By Tim Binnall
A teacher in Florida is under fire for screening an unsettling horror film featuring Winnie the Pooh to his class of fourth graders. The troubling incident reportedly occurred last Monday at the Academy of Innovative Education in the city of Miami Springs. While the name of the school may seem to suggest that they take an outside-the-box approach to learning, one imagines that the unorthodox screening was not what parents had in mind when they enrolled their children at the charter school. The film in question, which was inexplicably shown to a math class, was Winnie the Pooh: Blood and Honey, wherein the titular character and his equally sinister sidekick, Piglet, "become feral and bloodthirsty murderers."

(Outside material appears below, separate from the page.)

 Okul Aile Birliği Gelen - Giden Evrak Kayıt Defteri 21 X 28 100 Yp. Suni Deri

Expressing outrage over the ill-advised screening, parent Michelle Diaz lamented that her twins were "exposed" to the slasher film for approximately thirty minutes before the unnamed teacher finally turned it off at the behest of the frightened students. Compounding her consternation, she said, was that the math instructor initially "didn't stop the movie, even though there were kids saying, 'hey, stop the movie, we don't want to want this.'" As for how the highly inappropriate film, which is not even rated, wound up being shown to the fourth graders in the first place, Diaz explained that the teacher actually blamed the students, indicating that they chose this particular movie for class.

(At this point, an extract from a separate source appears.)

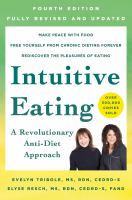 Intuitive eating : a revolutionary anti-diet approach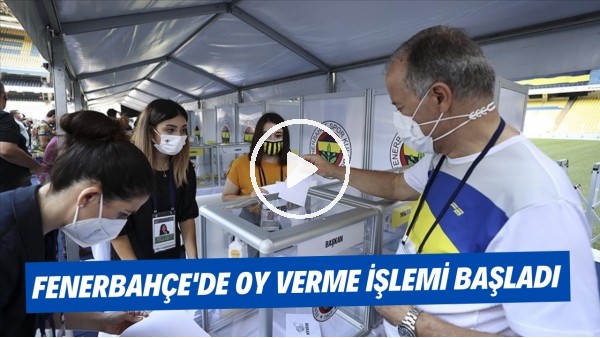 Fenerbahçe'de oy verme işlemi başladı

Understandably, Diaz dismissed the teacher's attempt at passing the proverbial buck, arguing that "it's up to the professor to look at the content" of any films that might be shown in class. In response to the controversy, the Academy of Innovative Education issued a statement wherein they acknowledged that the movie "was not suitable for the age group" and assured parents that they have "addressed this issue directly with the teacher" while also meeting with "those students who have expressed concerns." Oddly enough, a similar incident occurred at a Dutch elementary school last December when an instructor was fired for showing The Exorcist and other horror films to his class of youngsters.